Exercise objective: Exactly as given, write out the lines from the one containing "Hibiscus Hibiscus 60907284" through the end of the listing, with both ends included and nothing else.

---

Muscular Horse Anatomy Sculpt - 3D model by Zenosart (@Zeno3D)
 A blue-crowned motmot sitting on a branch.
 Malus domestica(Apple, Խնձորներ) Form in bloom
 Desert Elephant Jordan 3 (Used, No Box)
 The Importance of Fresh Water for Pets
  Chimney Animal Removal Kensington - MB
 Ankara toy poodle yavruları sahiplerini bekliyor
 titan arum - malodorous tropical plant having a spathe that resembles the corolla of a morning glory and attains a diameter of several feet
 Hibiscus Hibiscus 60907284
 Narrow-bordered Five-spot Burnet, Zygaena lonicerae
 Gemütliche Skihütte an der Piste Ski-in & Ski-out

---

Written response:
 Hibiscus Hibiscus 60907284
 Narrow-bordered Five-spot Burnet, Zygaena lonicerae
 Gemütliche Skihütte an der Piste Ski-in & Ski-out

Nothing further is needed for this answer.